Copy exactly the lines from the one containing "Filler Before and" through the last line of the records below, both included, and leave out the pictures.

========================================

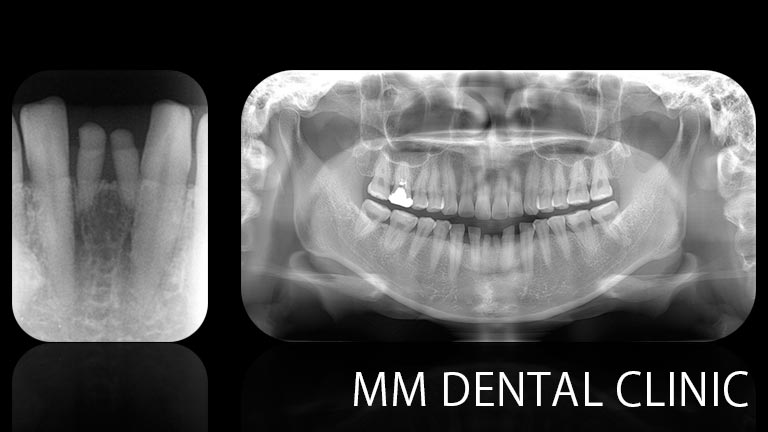 マウスピース矯正でスペースを作り、インプラントを埋入した症例（レントゲン写真）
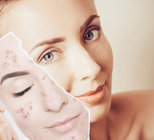 אחת ולתמיד: מהי הדרך היעילה ביותר לטיפול באקנה?-תמונה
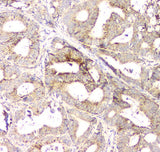Anti-Aprt Antibody Picoband® Boster Bio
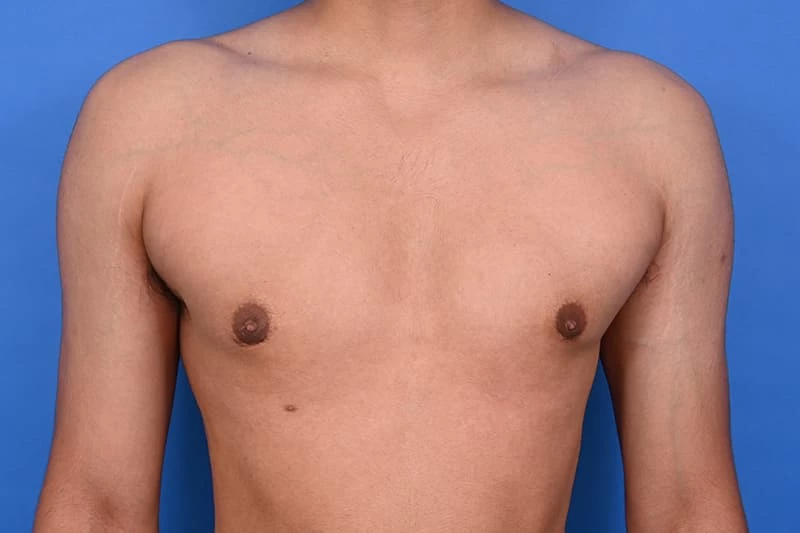 Gynecomastia: Causes, Treatment, and Key Information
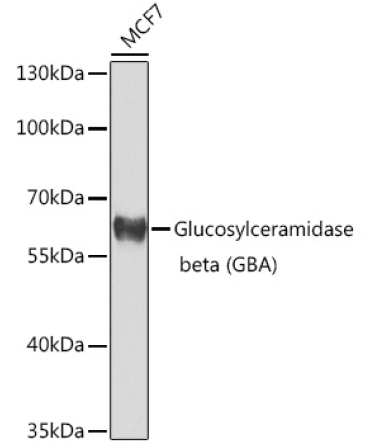 Glucosylceramidase beta (GBA) Rabbit Polyclonal Antibody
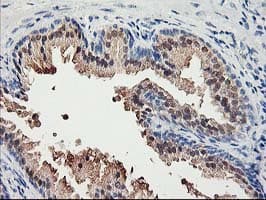 ACSS2 / ACAS2 Antibody (clone OTI2C6)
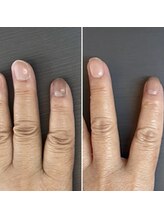 桃の木 吉祥寺店/代謝の悪い爪も改善！1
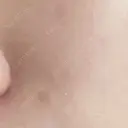 ほくろ・いぼ切除（肌） 大山皮膚科 AFTER サムネイル用
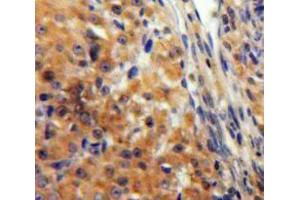 Used in DAB staining on fromalin fixed paraffin-embedded Ovary tissue (KNG1 antibody  (AA 390-644))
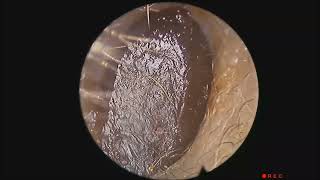 Instant Cleaning Of Formed And Obstructive Earwax [upl. by Atteynad]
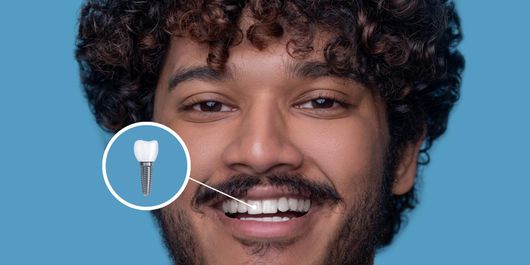Implanturile dentare: O soluție modernă pentru zâmbete durabile 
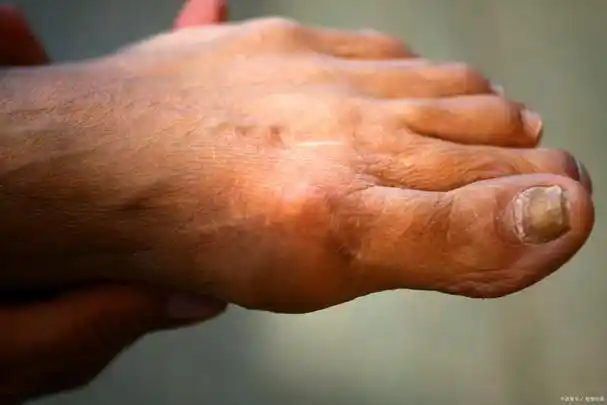 血管闭塞性脉管炎早期的典型症状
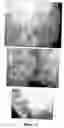 Fig. 18 - Custom-made meganuclease and use thereof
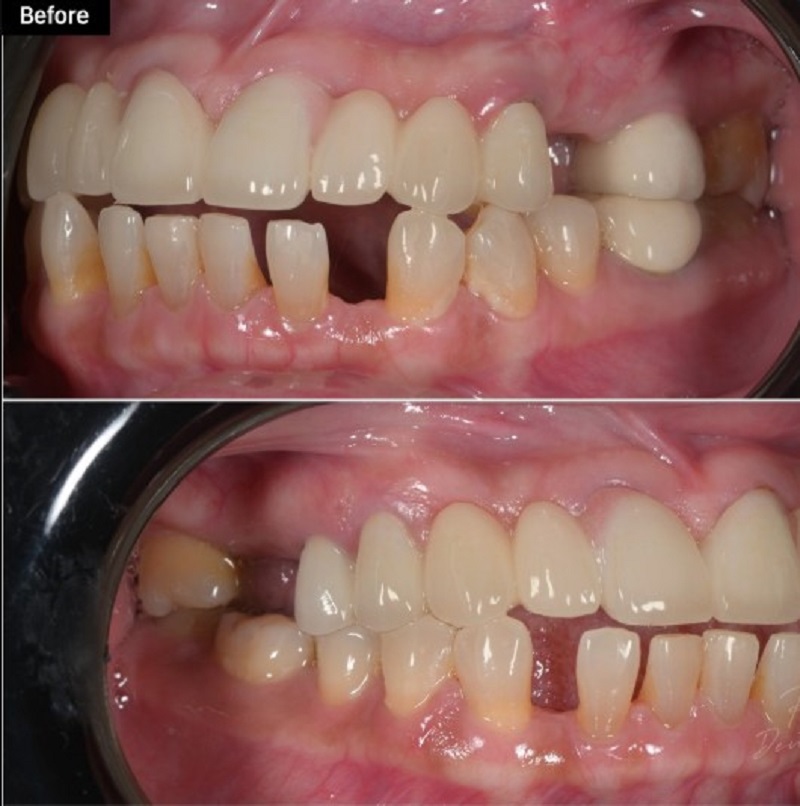 Trường hợp ghép xương hoặc nâng xoang thời gian kiêng rượu bia sẽ lâu hơn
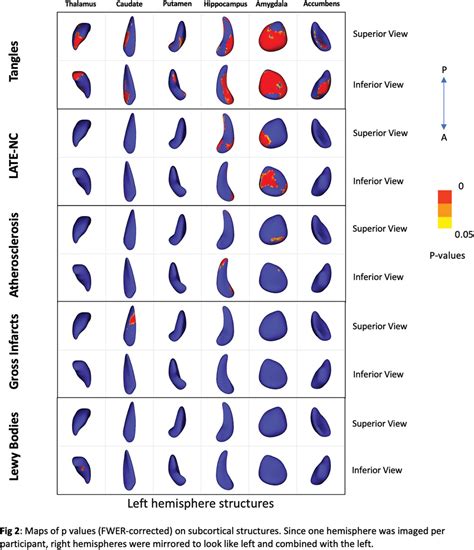 Associations Of Subcortical Shapes With Age‐related Neuropathologies In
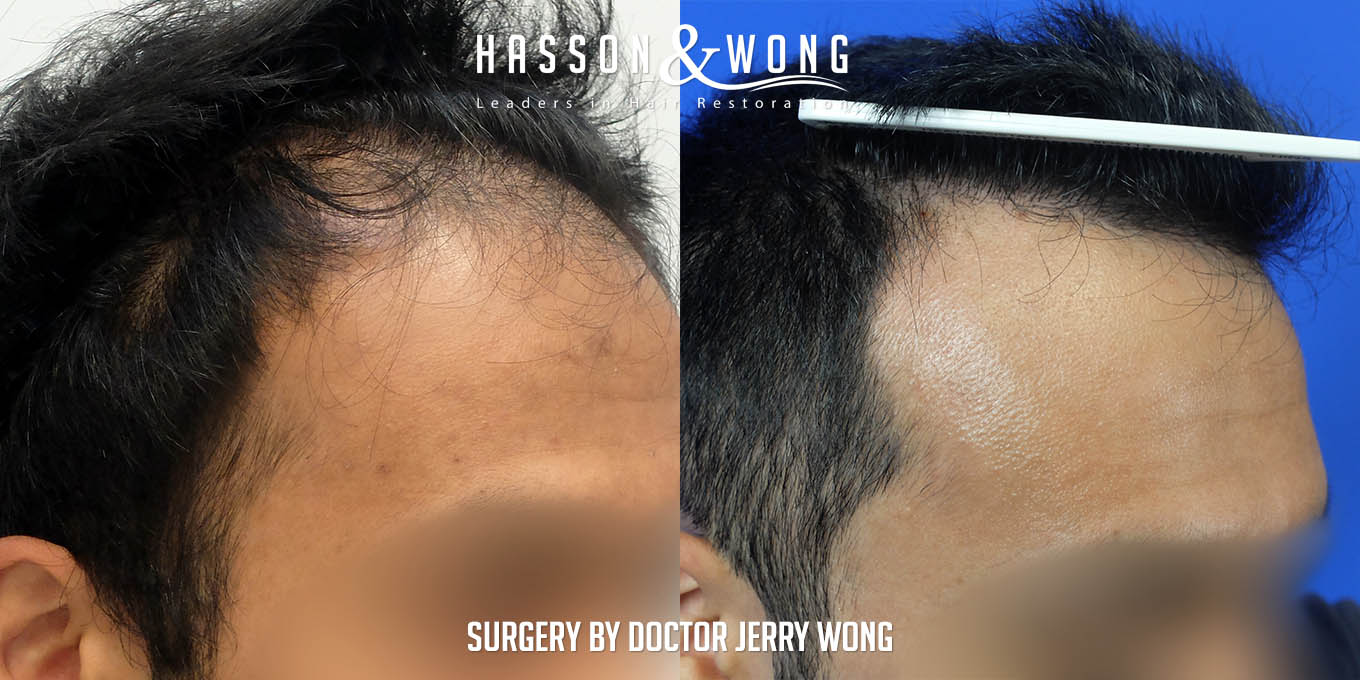hair-transplant-before-after-3576-grafts-right-close-FUT.jpg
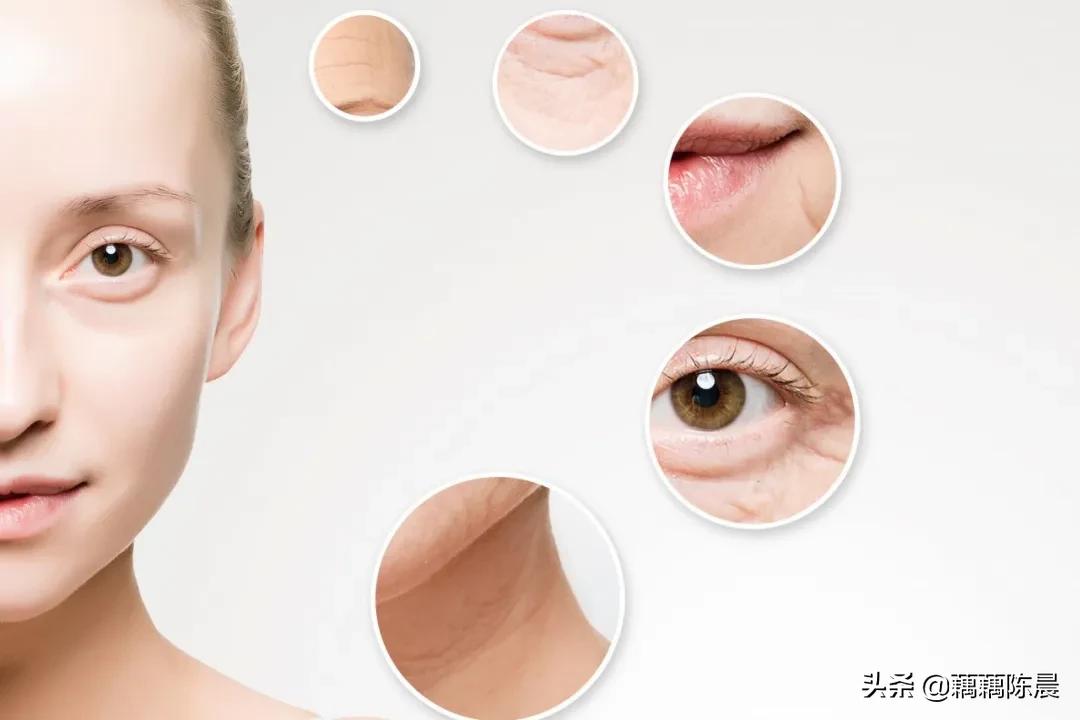 法令纹显老10岁试试这个新办法,法令纹最自然的改善方法是什么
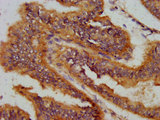 AS3MT Antibody - Immunohistochemistry image at a dilution of 1:400 and staining in paraffin-embedded human endometrial cancer performed on a Leica BondTM system. After dewaxing and hydration, antigen retrieval was mediated by high pressure in a citrate buffer (pH 6.0) . Section was blocked with 10% normal goat serum 30min at RT. Then primary antibody (1% BSA) was incubated at 4 °C overnight. The primary is detected by a biotinylated secondary antibody and visualized using an HRP conjugated SP system.
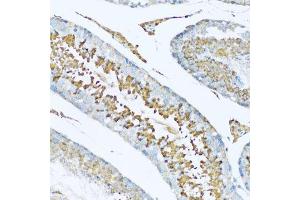 Immunohistochemistry of paraffin-embedded rat testis using HPX antibody. (Hemopexin Antikörper  (AA 24-245))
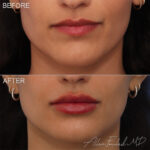 Filler Before and After Photo by Dr. Foulad in Beverly Hills California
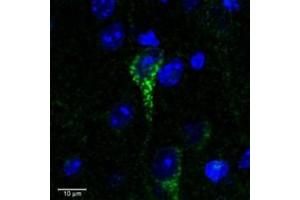 Confocal image (3 µm) of ABIN238557 (0.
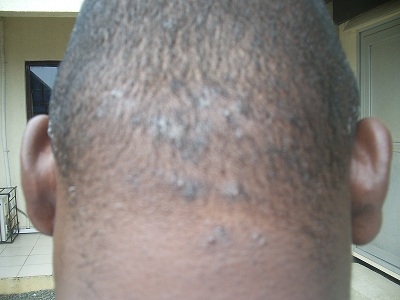 Neck rash and Small raised bumps - Right Diagnosis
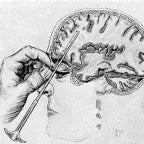 lobotomy sound effect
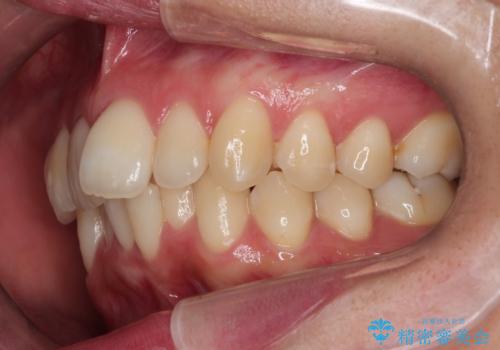 驚くほど短期間で前歯のガタツキを解消! マウスピース矯正の効果の治療前
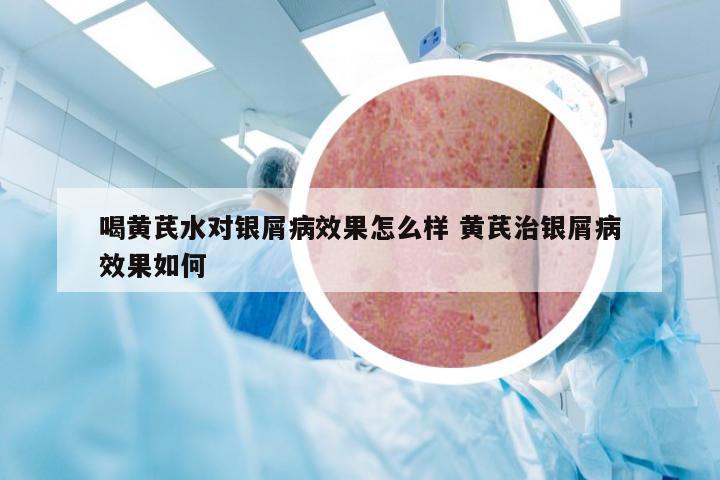 喝黄芪水对银屑病效果怎么样 黄芪治银屑病效果如何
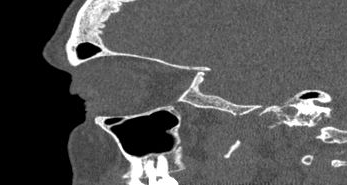 File:Bilateral ectopic infraorbital nerves (Radiopaedia 49006-54084 Sagittal 27).png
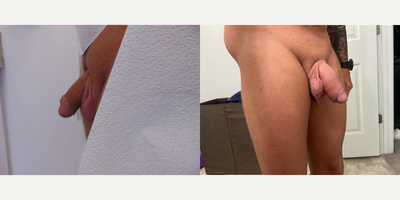 Case 11613 - 35-44 year old man treated with Penis Enlargement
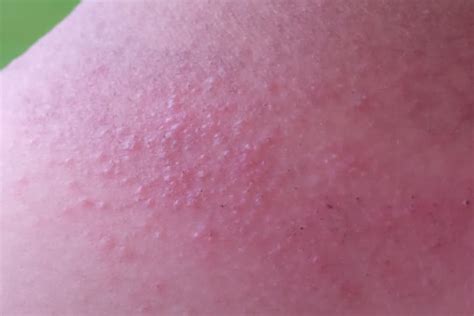 Rash 36 Common Skin Rashes Pictures Causes And Treatment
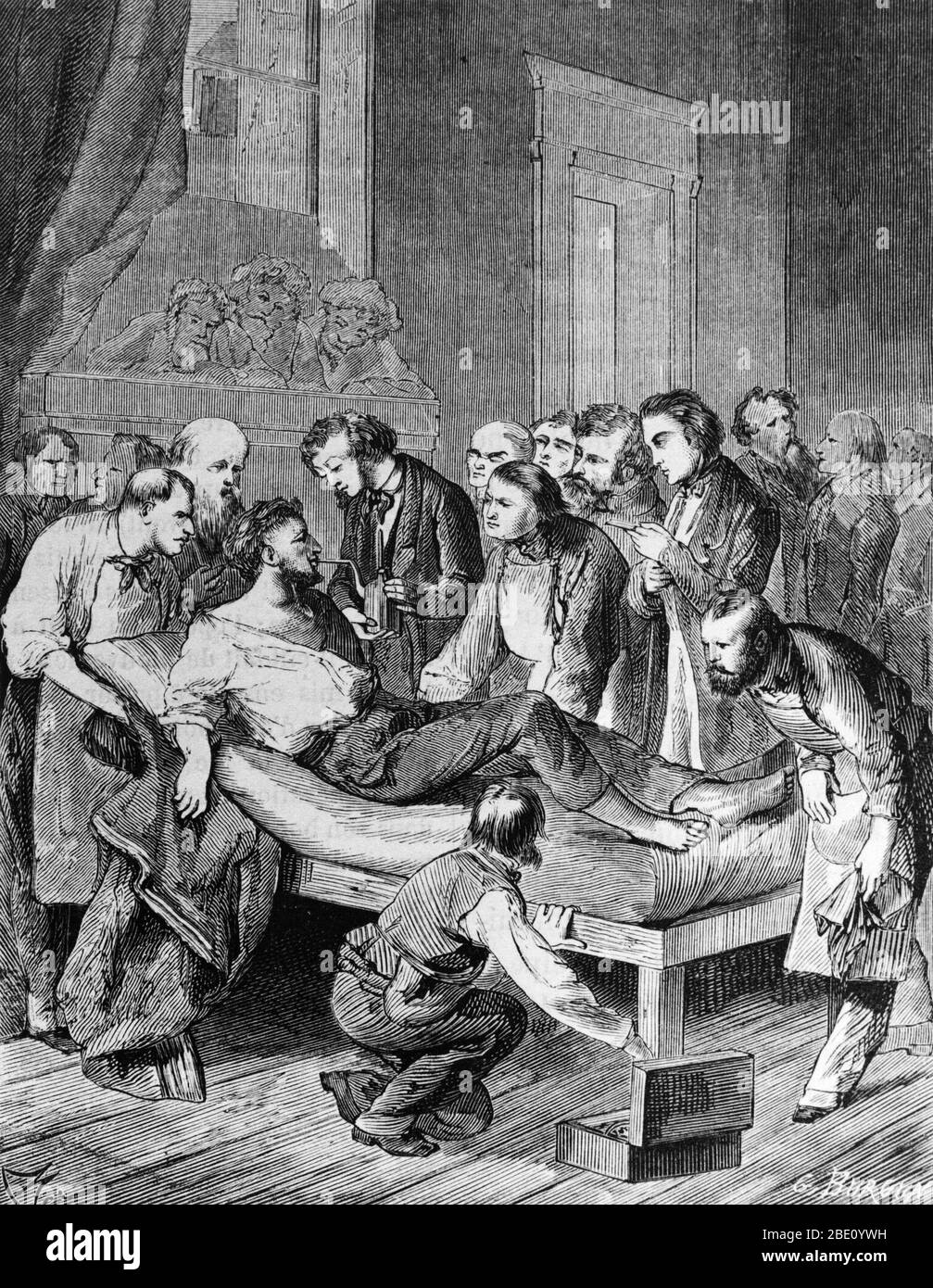Grabado que muestra a los médicos que administran éter sulfúrico a un paciente antes de extirpar un tumor del cuello en 1846, marcando la primera operación realizada bajo anestesia. Foto de stock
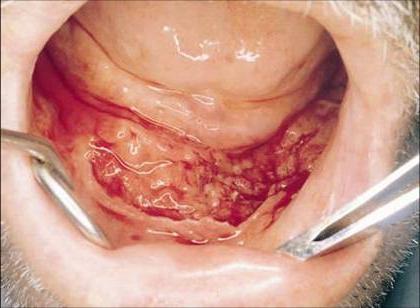как выглядит рак горла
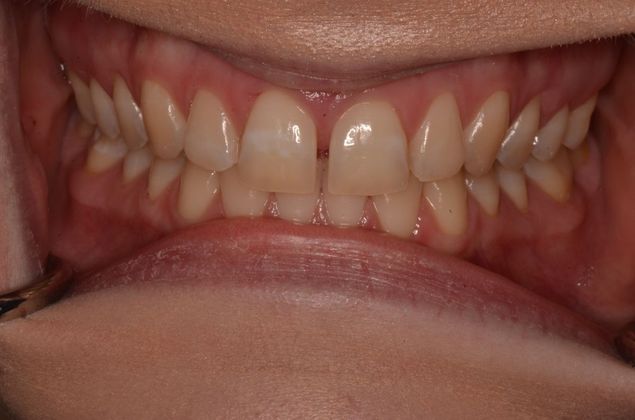 Invisalign Case 11 - Before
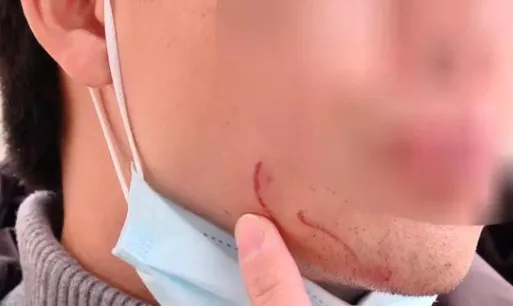 打人轻微伤怎么判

========================================

> _ANSWER BOX_:
 Filler Before and After Photo by Dr. Foulad in Beverly Hills California
 Confocal image (3 µm) of ABIN238557 (0.
 Neck rash and Small raised bumps - Right Diagnosis
 lobotomy sound effect
 驚くほど短期間で前歯のガタツキを解消! マウスピース矯正の効果の治療前
 喝黄芪水对银屑病效果怎么样 黄芪治银屑病效果如何
 File:Bilateral ectopic infraorbital nerves (Radiopaedia 49006-54084 Sagittal 27).png
 Case 11613 - 35-44 year old man treated with Penis Enlargement
 Rash 36 Common Skin Rashes Pictures Causes And Treatment
Grabado que muestra a los médicos que administran éter sulfúrico a un paciente antes de extirpar un tumor del cuello en 1846, marcando la primera operación realizada bajo anestesia. Foto de stock
как выглядит рак горла
 Invisalign Case 11 - Before
 打人轻微伤怎么判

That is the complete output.